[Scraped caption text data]
Content starts

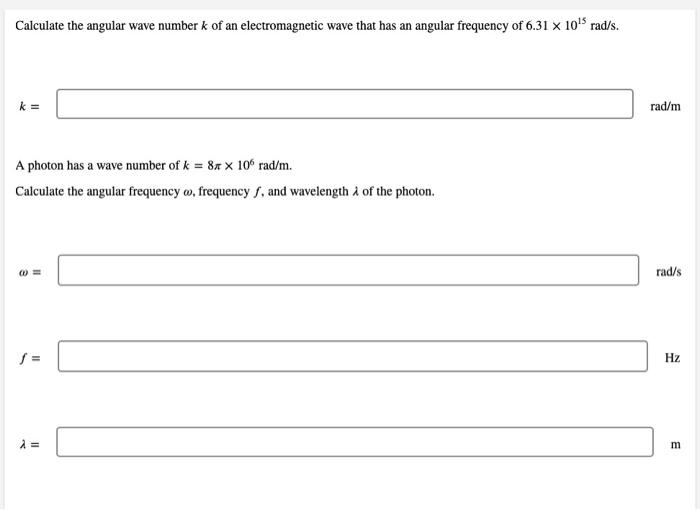 Solved Calculate The Angular Wave Number K Of An Chegg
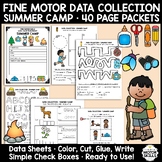 Fine Motor Data Collection - Summer Camp - 40 Page Activit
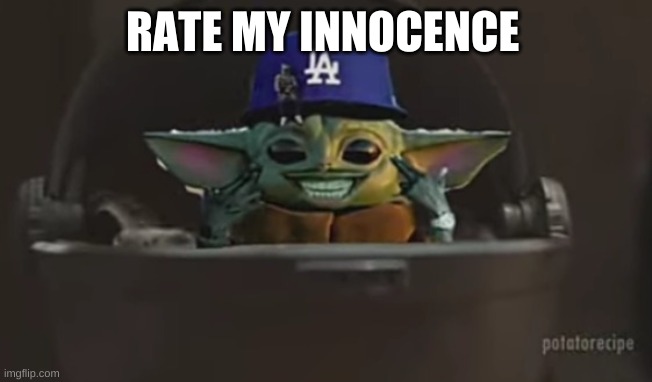 E E eeeeee eee ee eee eeee | RATE MY INNOCENCE | image tagged in dababy yoda | made w/ Imgflip meme maker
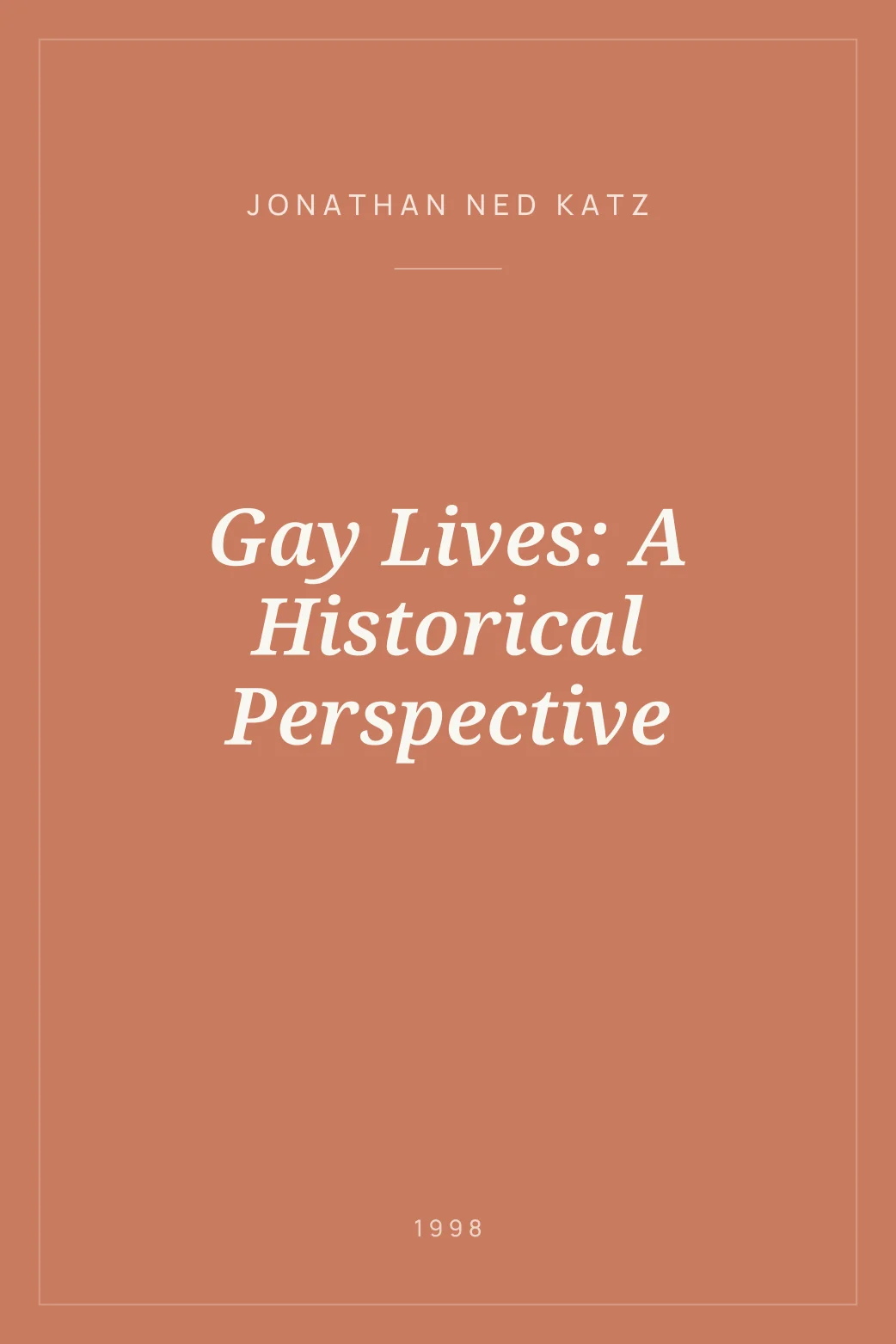 Portada de Gay Lives: A Historical Perspective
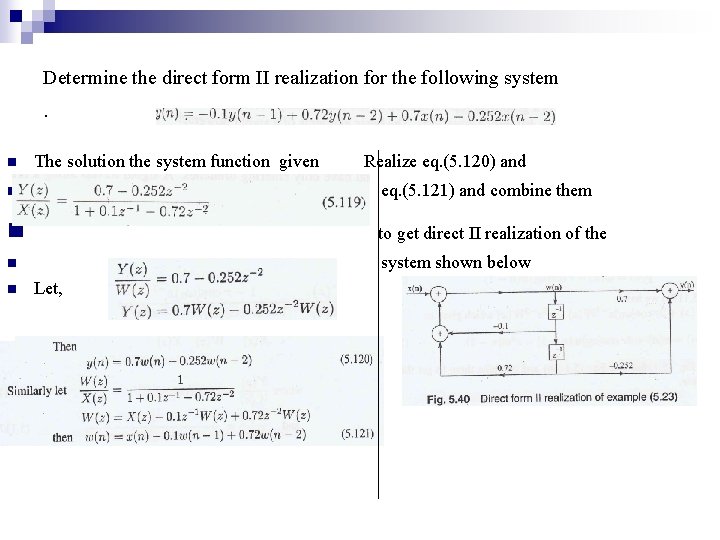 Determine the direct form II realization for the following system . n The solution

Content ends

_Exercise instructions_
From the records above, return exactly the lines running from the one that contains "Fine Motor Data" down to the one that contains "Portada de Gay", both included, without any pictures.

_Answer box_
 Fine Motor Data Collection - Summer Camp - 40 Page Activit
 E E eeeeee eee ee eee eeee | RATE MY INNOCENCE | image tagged in dababy yoda | made w/ Imgflip meme maker
 Portada de Gay Lives: A Historical Perspective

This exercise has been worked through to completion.